This morning, for the first time this fall, the ground is covered with frost. It is a perfect fall morning – blue sky, calm wind, and freezing temperatures. All around, trees finish the growing season in a burst of color as if they’ve saved their best for last. On sunny days, their colors make the world seem warmer than it is, and I wish this season could go on for many months.
In the mornings, more and more juncos are showing up at the feeders. A couple of weeks ago there seemed to be mostly the brownish-gray variety. Lately, the really dark gray juncos, which I presume are from farther north, seem to be more abundant. The white-throats and white-crowned sparrows are still here, along with kinglets, robins, towhees, and flickers, and still an occasional warbler. They feast on the wild seeds and berries, which are slowly disappearing. At night, many of them take flight moving further southward and one can hear their little flight notes as they call to each other from high in the dark night sky. The national weather service posted a radar loop from Key West, FL, which showed millions of birds making the amazing journey across the southern Gulf of Mexico to the Caribbean and South America (warblers, orioles, tanagers, and thrushes that adorn our springs and summers). Out on Lake Michigan, waterfowl of the far north, scaups, long-tails, mergansers, loons- can be seen far out from shore- the first of the birds which keep us company throughout the winter.
The frost itself seems to be a miracle – the sudden transformation of liquid dew to delicate crystals is well described in science in terms of phase change and release of latent heat, but those facts seem to give little insight to the beauty of frost coating a newly fallen leaf. And all that is happening when that first frost is seen.

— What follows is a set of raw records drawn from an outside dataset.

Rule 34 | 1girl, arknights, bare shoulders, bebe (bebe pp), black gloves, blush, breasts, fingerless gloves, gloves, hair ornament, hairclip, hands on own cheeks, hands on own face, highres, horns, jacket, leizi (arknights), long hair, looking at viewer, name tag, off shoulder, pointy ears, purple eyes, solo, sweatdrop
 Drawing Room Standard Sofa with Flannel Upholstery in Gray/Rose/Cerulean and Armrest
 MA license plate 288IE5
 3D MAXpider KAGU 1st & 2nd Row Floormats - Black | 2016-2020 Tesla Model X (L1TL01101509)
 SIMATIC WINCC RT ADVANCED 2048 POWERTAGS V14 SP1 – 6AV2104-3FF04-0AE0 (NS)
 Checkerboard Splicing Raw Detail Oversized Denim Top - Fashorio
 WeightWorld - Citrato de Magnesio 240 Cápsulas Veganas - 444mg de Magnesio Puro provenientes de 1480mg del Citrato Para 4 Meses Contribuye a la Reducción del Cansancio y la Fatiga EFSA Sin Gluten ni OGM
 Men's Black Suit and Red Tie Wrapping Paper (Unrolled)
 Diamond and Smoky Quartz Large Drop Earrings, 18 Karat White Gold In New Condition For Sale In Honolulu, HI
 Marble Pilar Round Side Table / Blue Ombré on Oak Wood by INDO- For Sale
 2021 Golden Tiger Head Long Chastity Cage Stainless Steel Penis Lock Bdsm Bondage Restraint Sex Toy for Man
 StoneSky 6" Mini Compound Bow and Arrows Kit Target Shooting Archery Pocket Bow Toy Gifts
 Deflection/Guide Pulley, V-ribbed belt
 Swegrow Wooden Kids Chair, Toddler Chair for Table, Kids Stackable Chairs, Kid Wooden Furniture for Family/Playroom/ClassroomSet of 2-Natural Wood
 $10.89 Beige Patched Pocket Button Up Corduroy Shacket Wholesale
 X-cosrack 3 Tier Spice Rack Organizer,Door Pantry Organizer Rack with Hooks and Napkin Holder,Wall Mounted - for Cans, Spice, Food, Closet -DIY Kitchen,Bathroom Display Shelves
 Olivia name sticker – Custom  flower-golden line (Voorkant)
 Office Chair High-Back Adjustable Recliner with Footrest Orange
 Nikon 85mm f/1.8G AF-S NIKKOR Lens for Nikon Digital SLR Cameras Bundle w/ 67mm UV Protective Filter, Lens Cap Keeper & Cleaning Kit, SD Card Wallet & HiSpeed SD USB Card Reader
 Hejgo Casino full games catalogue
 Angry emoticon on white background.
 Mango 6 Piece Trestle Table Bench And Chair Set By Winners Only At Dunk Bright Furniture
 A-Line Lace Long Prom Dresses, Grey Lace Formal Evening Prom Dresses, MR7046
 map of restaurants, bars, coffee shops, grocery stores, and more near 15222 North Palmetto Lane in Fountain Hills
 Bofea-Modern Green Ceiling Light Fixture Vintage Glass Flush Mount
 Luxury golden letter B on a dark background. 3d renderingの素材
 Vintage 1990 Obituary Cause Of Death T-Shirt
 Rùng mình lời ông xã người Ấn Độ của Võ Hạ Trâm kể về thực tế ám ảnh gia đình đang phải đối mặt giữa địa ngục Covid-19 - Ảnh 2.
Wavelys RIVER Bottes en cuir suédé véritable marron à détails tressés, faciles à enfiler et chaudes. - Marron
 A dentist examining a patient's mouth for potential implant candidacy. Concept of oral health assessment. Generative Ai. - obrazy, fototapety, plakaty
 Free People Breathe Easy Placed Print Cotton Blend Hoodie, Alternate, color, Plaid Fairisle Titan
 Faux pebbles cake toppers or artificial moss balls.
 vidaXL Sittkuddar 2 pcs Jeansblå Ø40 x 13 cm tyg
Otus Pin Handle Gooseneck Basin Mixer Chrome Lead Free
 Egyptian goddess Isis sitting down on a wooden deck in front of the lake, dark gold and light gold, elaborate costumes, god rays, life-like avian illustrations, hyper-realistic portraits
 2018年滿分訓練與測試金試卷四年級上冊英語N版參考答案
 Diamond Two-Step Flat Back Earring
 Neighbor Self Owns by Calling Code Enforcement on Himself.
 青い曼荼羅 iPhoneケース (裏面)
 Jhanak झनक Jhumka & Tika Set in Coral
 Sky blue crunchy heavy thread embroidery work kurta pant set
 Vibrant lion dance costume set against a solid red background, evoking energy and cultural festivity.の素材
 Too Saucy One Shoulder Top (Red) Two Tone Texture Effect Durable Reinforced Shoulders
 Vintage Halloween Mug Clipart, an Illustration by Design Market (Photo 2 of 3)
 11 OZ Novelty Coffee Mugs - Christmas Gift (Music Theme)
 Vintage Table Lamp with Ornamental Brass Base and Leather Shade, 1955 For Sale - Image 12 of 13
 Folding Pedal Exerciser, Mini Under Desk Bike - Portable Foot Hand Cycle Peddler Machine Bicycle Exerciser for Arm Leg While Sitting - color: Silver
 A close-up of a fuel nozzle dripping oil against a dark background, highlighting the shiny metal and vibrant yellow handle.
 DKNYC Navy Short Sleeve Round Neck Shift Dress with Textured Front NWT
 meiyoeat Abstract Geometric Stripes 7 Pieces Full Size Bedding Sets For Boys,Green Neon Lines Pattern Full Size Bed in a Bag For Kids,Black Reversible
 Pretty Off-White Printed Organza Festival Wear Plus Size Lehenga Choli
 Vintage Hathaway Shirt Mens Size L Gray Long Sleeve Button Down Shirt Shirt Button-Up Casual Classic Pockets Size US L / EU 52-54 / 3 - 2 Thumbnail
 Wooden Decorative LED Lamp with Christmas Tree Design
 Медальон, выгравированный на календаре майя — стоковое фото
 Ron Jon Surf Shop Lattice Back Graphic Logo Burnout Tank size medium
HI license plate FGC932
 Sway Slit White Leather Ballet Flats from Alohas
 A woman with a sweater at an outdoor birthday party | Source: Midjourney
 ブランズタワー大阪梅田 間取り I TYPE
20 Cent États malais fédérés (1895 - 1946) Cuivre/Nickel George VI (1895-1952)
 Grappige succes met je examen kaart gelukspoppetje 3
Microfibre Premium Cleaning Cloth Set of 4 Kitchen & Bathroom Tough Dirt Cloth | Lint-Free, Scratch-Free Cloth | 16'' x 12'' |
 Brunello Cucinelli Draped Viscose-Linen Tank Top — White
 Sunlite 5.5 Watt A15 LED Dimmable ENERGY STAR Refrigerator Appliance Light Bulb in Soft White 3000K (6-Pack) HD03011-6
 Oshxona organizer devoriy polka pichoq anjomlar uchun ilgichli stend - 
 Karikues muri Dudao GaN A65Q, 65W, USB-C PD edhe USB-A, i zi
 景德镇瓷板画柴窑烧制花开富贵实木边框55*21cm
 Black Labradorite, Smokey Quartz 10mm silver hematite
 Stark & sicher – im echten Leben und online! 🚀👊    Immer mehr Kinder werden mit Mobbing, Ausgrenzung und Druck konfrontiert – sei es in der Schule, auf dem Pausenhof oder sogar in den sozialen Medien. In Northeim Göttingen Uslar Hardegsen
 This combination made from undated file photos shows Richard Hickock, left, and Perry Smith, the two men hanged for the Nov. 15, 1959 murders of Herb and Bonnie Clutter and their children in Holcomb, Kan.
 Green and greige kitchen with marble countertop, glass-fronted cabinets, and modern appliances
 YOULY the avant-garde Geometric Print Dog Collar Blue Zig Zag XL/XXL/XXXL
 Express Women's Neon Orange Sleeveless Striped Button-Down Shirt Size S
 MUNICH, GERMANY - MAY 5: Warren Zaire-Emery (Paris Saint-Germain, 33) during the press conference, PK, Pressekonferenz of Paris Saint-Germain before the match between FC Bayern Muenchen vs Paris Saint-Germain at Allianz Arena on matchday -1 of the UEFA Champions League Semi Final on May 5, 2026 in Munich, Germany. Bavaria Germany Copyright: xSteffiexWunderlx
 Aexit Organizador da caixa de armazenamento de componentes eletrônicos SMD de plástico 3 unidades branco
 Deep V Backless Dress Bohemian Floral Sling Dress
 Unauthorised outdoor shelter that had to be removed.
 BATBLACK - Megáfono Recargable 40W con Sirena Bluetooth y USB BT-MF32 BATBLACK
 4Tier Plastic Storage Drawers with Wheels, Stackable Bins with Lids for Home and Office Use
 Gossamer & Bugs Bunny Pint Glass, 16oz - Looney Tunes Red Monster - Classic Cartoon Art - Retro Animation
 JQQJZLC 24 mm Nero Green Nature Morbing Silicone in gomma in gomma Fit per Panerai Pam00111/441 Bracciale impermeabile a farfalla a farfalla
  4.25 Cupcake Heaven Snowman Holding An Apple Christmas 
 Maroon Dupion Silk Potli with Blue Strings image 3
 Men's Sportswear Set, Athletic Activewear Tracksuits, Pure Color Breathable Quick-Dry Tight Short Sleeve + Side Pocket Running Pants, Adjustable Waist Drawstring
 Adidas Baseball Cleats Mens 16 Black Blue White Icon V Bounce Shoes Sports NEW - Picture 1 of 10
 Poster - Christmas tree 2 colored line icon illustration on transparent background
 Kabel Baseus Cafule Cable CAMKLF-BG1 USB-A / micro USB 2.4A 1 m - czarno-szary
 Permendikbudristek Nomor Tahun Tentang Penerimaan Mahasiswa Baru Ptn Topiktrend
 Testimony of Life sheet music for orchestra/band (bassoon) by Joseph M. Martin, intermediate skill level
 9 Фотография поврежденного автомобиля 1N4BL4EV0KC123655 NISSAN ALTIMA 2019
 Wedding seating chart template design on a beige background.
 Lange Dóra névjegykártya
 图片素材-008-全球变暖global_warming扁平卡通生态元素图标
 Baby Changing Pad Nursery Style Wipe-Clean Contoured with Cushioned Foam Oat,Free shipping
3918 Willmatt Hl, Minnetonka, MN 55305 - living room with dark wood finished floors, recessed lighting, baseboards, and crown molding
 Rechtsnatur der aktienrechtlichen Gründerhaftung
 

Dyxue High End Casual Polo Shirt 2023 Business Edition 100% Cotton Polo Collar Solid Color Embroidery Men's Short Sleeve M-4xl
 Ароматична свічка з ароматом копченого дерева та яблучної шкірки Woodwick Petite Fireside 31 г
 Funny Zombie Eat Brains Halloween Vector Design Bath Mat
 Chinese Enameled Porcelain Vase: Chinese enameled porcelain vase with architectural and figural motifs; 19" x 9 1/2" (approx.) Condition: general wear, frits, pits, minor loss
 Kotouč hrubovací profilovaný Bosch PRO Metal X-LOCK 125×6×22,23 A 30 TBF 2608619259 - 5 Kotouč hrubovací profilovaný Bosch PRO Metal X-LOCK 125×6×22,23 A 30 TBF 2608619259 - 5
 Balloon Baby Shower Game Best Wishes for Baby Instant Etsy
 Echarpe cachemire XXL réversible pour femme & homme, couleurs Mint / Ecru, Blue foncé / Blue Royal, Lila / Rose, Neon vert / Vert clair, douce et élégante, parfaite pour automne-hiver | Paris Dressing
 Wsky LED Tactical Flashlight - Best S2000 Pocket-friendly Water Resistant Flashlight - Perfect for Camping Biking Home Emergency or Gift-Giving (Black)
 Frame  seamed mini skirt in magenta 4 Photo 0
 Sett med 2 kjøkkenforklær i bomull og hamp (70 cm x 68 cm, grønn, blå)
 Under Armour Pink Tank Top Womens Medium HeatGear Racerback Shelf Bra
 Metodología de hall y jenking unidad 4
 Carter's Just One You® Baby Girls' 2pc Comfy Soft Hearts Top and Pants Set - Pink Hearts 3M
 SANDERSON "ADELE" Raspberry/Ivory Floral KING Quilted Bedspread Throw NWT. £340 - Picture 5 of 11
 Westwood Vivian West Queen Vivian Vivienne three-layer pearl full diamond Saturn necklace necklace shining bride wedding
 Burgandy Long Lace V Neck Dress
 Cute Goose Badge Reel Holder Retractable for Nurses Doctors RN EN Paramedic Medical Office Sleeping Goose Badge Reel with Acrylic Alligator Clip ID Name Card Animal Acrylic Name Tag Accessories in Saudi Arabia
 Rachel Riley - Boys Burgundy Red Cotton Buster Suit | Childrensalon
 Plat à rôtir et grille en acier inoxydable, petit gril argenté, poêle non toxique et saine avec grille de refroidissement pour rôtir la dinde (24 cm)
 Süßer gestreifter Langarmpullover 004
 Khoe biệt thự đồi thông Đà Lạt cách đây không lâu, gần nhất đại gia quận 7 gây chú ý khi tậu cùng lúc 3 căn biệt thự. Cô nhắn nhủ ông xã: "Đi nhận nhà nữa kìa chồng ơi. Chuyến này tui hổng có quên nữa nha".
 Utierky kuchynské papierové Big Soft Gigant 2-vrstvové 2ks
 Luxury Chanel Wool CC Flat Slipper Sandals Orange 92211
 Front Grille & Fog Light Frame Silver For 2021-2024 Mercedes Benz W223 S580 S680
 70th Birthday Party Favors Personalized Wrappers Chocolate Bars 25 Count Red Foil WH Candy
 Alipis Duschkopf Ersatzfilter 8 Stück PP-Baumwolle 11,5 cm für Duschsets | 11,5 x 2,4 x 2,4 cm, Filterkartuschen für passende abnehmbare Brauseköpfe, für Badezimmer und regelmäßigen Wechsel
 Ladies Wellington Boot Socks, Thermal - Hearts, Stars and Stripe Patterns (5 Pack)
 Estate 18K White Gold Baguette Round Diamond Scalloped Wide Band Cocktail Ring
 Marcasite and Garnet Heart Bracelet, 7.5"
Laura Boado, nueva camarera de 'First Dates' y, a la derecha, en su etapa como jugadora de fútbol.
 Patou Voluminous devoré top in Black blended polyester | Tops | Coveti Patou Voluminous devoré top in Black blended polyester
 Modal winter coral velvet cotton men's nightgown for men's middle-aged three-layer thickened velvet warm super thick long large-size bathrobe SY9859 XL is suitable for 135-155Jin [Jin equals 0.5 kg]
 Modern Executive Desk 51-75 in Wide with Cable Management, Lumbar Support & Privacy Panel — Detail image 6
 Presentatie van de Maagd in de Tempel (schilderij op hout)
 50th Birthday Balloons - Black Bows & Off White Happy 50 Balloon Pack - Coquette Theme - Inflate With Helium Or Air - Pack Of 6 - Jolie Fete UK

Some people see the frost as a portent of nasty weather to come, and some mourn for the warmer weather that is now past for this year. I think it is true that we are happier when we appreciate the moment as it is now, and enjoy the beauty of the frost and the wildlife around us rather than dwell on what was or what will be. In doing so we are reminded of the value of nature and perhaps care for it a little better so that we can continue to enjoy all the miracles of fall.